A man wrongly convicted of murder who spent more than three decades behind bars has been exonerated after a witness admitted police had pressured him into falsely testifying.
Joaquin Ciria was arrested in 1990 for shooting and killing his friend, Felix Bastarrica, in San Francisco.
According to San Francisco District Attorney Chesa Boudin, who on Monday exonerated Mr Ciria, his conviction was based on false witness testimony and police misconduct.
According to ABC news, Mr Boudin issued a press release stating that his office was “proud of and grateful for” the work of the Innocence Commission in rectifying the wrongful conviction of Mr Ciria.
"Although we cannot give him back the decades of his life lost we are thankful that the court has corrected this miscarriage of justice,” he added.
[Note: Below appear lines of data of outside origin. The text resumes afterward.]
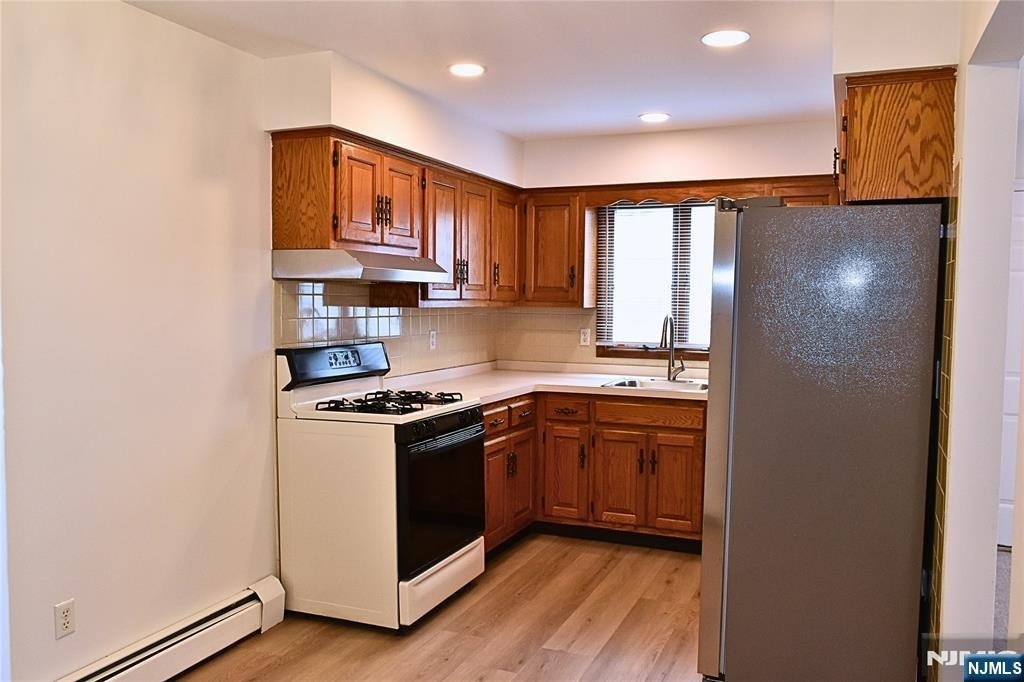 28 Elmhurst - Photo 10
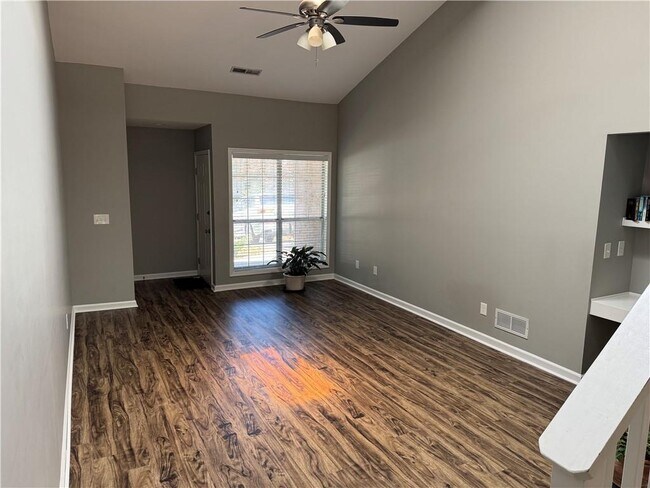 Building Photo - 4148 Fawn Ct NE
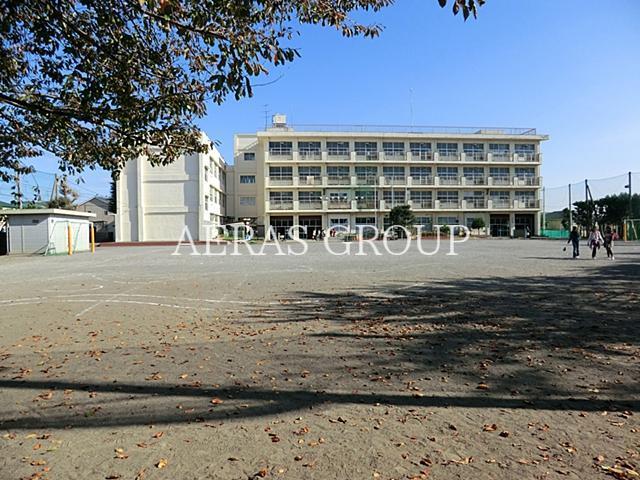 小学校　横浜市立篠原小学校（小学校）まで360m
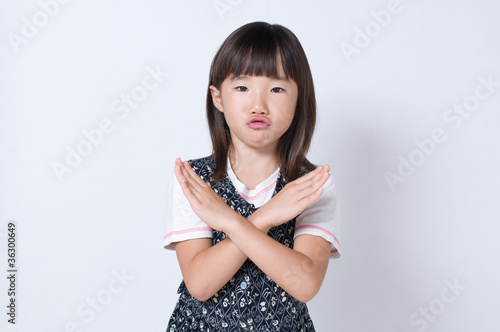 バツマークの女の子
The case against Mr Ciria has now been dismissed after a judge overturned his conviction.
No physical evidence had linked Mr Ciria to the crime, Mr Boudin said. Local police had believed Mr Ciria to be the shooter based on rumours and statements from the alleged getaway driver.
George Varela testified, in exchange for complete immunity, that he drove Mr Ciria to and from the scene.
Boudin stated that Mr Varela, who at the time was a teenager, had been pressured by police to name Mr Ciria as the murderer. It was upon Mr Varela’s admission to Mr Ciria’s family members that he had falsely testified, that the commission found out he had been falsely imprisoned.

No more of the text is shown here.